» **Available data**
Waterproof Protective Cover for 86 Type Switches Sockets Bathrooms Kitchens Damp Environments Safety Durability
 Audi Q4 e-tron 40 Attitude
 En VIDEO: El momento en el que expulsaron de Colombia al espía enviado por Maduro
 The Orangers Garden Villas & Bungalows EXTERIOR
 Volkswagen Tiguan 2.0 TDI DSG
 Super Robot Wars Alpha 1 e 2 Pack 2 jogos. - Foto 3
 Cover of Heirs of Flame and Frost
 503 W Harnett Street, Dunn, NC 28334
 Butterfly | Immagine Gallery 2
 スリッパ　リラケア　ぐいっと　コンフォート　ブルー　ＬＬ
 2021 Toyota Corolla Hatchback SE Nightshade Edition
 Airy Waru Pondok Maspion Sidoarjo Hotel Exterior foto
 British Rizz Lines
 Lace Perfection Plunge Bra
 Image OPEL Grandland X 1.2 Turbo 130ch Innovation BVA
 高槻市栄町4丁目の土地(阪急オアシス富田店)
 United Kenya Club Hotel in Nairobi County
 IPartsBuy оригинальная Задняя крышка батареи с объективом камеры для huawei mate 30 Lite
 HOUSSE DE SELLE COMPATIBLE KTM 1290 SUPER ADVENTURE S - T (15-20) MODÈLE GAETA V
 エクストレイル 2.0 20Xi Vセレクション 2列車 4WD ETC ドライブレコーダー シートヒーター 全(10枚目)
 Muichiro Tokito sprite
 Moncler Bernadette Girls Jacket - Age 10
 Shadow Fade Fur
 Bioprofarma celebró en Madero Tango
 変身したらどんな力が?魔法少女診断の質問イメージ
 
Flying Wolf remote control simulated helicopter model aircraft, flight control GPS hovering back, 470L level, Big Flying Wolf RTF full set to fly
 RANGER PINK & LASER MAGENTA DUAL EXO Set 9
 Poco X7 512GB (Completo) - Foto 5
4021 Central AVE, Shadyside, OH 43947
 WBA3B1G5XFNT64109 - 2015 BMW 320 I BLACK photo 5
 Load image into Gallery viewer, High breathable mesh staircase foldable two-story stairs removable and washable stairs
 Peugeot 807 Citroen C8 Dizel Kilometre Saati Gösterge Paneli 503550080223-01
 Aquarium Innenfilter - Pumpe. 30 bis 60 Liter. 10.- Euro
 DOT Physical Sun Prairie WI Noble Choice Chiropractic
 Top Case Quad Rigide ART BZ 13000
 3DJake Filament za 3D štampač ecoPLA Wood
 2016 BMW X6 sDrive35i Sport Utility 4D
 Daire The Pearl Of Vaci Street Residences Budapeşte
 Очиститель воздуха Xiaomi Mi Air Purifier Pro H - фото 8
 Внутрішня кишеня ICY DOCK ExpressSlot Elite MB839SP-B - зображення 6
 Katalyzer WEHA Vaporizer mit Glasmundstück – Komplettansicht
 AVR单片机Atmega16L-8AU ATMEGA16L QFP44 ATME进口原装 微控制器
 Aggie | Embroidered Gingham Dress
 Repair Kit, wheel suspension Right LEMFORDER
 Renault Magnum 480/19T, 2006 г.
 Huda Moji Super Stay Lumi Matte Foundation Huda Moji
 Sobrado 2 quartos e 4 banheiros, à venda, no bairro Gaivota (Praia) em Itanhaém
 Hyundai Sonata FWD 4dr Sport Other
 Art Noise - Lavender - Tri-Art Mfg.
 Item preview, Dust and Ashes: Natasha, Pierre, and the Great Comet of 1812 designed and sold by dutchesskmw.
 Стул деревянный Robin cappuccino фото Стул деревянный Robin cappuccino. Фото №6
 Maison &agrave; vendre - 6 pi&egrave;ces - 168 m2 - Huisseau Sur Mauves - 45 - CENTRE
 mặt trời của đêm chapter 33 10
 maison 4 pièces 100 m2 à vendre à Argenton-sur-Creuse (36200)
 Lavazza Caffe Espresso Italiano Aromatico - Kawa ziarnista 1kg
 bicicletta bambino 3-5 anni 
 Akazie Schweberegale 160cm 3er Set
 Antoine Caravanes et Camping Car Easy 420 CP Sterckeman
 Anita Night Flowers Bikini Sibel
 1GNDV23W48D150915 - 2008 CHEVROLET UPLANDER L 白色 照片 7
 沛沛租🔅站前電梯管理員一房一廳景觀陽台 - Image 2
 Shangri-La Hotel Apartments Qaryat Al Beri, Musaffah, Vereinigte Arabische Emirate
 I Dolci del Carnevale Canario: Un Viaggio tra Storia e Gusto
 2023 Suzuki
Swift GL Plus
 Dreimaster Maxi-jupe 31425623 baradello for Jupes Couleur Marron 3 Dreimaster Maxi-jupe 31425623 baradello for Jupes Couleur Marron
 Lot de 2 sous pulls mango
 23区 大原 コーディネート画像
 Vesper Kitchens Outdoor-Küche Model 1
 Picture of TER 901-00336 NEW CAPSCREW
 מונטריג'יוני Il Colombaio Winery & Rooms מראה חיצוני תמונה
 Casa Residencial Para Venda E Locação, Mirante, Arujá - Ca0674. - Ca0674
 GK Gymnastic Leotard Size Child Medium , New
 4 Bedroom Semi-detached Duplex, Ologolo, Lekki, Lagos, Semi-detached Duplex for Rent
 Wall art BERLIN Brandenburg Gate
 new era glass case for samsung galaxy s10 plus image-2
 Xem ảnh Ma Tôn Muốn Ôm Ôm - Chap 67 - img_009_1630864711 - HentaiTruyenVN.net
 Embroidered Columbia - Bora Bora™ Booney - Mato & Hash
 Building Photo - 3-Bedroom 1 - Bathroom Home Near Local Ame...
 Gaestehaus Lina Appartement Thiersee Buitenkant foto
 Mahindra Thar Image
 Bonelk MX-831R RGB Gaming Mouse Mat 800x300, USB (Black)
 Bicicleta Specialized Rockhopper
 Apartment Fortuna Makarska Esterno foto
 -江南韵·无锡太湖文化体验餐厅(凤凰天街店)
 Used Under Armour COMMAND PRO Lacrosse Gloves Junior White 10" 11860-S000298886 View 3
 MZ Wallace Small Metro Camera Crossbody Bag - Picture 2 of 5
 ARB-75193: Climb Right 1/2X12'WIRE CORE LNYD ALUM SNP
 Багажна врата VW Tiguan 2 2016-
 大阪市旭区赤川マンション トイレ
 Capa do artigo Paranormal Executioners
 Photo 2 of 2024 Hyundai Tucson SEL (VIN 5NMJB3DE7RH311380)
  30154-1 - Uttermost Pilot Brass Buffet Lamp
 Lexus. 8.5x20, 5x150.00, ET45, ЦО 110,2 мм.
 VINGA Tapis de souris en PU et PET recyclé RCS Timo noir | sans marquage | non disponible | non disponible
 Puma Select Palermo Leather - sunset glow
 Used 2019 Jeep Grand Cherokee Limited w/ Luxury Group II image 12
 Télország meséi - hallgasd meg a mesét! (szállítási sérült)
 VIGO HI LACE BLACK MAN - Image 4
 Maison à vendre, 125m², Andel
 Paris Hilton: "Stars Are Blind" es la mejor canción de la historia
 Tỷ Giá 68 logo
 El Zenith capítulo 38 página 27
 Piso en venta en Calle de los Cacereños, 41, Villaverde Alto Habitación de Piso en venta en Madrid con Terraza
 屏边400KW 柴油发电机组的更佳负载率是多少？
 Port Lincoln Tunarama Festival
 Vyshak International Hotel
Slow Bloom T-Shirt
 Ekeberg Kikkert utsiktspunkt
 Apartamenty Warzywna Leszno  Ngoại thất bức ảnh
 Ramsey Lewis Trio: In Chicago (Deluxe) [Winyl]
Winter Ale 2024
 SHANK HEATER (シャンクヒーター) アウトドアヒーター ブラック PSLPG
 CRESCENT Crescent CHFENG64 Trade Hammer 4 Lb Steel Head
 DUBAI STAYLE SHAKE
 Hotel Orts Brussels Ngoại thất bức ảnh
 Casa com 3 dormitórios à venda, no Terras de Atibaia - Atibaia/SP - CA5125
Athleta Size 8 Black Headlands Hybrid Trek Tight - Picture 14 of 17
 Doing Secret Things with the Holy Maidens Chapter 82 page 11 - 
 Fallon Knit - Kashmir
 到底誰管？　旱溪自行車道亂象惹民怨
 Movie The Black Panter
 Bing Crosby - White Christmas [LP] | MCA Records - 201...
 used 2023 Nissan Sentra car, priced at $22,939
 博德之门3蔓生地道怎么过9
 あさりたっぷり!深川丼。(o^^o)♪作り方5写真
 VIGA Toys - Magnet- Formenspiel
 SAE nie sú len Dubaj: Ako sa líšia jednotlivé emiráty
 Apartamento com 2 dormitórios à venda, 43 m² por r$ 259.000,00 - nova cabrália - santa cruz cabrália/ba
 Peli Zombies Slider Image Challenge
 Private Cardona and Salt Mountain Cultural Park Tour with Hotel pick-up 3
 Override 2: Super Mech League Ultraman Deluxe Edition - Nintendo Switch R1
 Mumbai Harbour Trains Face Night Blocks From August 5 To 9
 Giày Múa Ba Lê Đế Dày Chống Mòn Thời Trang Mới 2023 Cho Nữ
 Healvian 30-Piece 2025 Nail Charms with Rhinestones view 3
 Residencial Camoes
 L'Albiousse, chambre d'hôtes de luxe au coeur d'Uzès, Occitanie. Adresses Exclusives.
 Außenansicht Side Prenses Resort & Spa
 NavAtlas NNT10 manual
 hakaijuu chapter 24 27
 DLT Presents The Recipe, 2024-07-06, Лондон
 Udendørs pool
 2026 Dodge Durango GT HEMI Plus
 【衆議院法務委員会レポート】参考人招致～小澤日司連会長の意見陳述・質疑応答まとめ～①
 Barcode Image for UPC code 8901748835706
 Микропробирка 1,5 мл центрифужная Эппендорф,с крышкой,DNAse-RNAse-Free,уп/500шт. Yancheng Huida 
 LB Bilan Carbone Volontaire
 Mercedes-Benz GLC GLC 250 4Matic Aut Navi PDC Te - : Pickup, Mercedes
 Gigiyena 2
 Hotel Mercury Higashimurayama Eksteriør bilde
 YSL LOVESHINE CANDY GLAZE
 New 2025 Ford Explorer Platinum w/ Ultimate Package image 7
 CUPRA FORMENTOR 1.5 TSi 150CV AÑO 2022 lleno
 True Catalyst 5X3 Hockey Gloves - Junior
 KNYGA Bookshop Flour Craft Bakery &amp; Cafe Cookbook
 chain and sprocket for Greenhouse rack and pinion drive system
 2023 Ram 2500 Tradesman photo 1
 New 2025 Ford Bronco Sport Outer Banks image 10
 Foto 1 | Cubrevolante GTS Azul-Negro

» **Your assignment**
Repeat, character for character, the lines of the material above from the line with "Item preview, Dust" through the line with "mặt trời của đêm chapter 33 10".

» **Finished task**
 Item preview, Dust and Ashes: Natasha, Pierre, and the Great Comet of 1812 designed and sold by dutchesskmw.
 Стул деревянный Robin cappuccino фото Стул деревянный Robin cappuccino. Фото №6
 Maison &agrave; vendre - 6 pi&egrave;ces - 168 m2 - Huisseau Sur Mauves - 45 - CENTRE
 mặt trời của đêm chapter 33 10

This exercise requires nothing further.